Num nível meramente biográfico, Vida e obra suscita reservas, devido ao seu caráter anedótico (diria "romanceado", o próprio Gaspar Simões). O psicologismo causalista leva o crítico a inferir dados biográficos com base no texto literário. Em contrapartida, a literatura é encarada como projeção direta da vida. Uma crítica explicativa acaba por reduzir o texto a motivações externas, entre as quais avultam a nostalgia da infância, o complexo de Édipo e o medo da loucura. Como resultante desse freudismo simplificado, temos uma imagem um tanto punitiva de Pessoa.
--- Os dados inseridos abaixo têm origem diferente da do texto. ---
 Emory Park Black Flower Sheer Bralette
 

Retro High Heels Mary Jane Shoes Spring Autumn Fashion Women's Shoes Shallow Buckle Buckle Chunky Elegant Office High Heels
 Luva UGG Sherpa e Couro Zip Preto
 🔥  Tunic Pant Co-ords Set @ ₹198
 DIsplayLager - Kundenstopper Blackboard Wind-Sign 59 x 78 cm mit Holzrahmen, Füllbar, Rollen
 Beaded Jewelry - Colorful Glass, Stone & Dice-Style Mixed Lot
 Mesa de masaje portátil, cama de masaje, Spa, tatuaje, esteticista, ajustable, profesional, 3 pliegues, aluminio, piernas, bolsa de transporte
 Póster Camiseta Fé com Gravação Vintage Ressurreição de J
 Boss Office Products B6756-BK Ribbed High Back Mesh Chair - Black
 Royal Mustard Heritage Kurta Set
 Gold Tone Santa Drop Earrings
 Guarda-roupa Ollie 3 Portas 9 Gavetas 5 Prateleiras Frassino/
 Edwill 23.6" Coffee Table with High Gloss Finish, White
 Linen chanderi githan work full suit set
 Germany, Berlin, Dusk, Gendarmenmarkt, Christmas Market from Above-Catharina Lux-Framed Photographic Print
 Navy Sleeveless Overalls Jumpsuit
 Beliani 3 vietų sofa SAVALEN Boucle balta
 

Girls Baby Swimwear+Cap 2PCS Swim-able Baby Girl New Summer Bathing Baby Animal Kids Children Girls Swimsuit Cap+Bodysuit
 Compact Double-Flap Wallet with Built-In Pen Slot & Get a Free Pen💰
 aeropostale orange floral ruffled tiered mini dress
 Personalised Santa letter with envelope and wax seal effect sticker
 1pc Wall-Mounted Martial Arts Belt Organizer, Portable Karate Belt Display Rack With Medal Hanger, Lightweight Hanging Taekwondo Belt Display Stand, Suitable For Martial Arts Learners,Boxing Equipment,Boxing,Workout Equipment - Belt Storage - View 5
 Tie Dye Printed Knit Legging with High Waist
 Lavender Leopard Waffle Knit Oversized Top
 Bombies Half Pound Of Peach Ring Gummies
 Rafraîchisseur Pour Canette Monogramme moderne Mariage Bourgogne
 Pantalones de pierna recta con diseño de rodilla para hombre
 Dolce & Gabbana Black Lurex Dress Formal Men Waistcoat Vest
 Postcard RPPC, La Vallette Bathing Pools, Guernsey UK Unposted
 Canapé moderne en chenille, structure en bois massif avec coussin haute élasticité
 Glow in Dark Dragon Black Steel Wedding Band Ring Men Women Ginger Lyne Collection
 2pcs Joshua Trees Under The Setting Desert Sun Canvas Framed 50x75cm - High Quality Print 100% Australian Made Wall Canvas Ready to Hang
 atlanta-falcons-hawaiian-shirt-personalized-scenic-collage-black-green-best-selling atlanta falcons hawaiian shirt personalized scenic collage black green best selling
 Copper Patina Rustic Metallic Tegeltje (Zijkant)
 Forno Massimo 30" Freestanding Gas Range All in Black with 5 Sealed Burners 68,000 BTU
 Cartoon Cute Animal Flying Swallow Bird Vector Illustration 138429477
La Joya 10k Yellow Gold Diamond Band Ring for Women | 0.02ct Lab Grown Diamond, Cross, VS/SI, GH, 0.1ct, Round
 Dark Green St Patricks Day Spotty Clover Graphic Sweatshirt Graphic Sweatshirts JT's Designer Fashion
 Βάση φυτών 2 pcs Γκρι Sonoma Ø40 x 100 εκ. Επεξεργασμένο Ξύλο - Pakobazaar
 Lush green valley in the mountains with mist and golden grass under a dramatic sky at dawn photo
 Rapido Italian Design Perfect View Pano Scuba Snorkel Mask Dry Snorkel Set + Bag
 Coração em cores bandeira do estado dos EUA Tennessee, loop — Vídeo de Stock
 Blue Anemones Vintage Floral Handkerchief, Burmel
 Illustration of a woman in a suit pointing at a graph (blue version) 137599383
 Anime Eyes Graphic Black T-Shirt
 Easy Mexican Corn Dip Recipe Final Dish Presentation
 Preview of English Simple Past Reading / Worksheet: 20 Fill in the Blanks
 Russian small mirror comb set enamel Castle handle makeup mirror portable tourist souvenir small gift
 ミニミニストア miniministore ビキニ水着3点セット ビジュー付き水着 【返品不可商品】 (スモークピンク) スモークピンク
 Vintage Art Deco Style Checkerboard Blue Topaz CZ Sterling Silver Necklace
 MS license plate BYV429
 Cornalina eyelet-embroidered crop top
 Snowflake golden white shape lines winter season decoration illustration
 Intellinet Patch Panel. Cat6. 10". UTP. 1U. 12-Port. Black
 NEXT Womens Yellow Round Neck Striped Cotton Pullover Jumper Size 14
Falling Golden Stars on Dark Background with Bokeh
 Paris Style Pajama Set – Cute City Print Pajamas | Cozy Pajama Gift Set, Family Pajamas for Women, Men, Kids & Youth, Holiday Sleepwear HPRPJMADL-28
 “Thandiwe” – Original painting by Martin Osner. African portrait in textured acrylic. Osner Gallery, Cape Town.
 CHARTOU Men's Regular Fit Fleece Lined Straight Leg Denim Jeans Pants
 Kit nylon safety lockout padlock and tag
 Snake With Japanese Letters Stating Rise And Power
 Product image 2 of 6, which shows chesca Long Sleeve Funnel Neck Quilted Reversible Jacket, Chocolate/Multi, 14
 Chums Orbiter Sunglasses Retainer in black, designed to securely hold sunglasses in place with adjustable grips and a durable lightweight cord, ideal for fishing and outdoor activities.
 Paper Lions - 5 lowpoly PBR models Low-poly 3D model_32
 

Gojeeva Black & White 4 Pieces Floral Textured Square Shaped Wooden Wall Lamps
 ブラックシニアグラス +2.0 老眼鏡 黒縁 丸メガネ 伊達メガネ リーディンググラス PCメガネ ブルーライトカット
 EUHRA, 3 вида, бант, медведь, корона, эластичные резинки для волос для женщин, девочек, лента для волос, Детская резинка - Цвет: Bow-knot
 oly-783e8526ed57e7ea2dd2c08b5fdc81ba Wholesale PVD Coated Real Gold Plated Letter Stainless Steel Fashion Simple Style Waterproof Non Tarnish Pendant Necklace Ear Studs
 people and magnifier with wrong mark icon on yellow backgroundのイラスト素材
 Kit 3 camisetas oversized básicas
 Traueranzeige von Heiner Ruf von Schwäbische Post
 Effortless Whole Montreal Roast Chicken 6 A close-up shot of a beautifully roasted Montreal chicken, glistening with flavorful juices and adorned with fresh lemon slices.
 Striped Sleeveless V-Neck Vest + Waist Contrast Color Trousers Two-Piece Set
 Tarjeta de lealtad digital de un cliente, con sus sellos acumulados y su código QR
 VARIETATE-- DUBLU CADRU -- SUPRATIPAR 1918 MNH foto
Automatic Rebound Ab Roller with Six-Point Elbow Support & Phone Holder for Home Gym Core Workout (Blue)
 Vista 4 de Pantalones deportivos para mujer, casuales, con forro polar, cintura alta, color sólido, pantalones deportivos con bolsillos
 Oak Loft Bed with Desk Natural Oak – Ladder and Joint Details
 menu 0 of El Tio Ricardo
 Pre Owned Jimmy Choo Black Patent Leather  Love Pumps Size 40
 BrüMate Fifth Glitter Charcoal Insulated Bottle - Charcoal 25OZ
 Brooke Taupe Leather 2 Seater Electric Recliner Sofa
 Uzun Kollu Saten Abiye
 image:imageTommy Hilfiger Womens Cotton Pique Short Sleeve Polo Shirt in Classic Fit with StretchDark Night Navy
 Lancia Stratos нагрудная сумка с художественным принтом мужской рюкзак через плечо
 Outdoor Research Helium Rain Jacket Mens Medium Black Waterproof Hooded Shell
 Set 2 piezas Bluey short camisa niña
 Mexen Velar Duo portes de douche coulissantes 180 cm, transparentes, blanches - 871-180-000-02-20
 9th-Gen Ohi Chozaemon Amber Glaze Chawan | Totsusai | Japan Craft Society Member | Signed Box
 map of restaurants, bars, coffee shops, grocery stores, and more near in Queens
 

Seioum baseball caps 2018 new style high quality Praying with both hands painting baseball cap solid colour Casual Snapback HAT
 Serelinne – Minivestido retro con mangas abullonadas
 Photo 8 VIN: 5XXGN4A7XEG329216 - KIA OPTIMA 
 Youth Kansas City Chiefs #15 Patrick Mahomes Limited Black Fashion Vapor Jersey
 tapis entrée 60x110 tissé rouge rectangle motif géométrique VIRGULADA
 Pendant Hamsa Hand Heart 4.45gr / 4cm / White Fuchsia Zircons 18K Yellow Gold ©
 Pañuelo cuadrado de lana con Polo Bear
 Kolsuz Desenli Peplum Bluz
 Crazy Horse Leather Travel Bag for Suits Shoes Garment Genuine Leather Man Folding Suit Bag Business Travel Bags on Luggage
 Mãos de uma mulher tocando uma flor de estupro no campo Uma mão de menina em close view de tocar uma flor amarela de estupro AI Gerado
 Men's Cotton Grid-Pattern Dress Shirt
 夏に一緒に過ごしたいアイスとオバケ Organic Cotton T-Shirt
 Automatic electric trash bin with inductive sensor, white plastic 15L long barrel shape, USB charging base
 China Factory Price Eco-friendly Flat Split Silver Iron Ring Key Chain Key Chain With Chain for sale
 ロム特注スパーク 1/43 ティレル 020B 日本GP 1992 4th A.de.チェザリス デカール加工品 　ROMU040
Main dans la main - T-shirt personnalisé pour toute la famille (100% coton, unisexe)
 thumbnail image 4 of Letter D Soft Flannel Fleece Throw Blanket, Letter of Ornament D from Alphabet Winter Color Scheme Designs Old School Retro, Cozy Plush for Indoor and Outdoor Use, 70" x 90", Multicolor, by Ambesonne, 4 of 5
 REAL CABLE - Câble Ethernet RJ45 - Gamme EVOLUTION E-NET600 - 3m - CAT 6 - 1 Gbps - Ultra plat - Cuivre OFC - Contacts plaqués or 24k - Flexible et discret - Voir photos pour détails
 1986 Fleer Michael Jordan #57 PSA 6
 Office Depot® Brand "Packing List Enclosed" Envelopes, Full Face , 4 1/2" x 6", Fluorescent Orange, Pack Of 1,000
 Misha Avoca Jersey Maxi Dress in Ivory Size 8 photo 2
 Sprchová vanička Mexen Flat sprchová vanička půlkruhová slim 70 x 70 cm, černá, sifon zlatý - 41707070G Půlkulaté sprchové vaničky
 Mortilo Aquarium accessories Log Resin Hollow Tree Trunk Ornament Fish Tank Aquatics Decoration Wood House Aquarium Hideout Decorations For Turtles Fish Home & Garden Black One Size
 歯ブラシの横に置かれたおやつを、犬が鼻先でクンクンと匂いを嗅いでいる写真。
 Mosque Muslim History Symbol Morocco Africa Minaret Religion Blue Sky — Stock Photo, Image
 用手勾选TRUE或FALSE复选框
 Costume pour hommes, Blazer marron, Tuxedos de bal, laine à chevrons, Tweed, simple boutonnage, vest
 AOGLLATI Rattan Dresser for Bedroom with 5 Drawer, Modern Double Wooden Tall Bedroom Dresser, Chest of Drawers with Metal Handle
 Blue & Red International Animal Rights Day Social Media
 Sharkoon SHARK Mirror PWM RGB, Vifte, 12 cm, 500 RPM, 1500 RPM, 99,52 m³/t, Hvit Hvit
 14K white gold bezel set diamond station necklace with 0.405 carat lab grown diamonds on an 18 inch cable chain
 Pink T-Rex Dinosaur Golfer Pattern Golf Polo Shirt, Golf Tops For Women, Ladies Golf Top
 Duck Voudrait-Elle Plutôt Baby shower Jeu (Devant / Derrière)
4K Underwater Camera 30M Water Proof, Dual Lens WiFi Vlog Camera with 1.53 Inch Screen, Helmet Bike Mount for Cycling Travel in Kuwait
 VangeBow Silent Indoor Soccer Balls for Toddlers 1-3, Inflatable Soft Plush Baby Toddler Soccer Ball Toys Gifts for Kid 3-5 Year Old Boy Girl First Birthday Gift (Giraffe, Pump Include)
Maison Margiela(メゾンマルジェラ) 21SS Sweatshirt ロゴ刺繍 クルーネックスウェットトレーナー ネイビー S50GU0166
É ainda importante notar que Gaspar Simões faz recorrentemente juízos estéticos, boa parte deles perecível com o tempo, por estarem embasados no pressuposto evolutivo, o que relega aos poemas iniciais um papel secundário com relação aos poemas da maturidade de Pessoa. Por outro lado, o ineditismo do trabalho a que o crítico se propôs, especialmente por sua riqueza de fontes, o brilho de muitas passagens e as proporções a que chegou foram de inestimável contribuição à fortuna crítica pessoana. A despeito das conhecidas reservas feitas por Eduardo Lourenço a este livro, é dele a avaliação de que, com Vida e obra, o crítico presencista teria construído “a primeira e, em certo sentido, definitiva imagem de Fernando Pessoa”.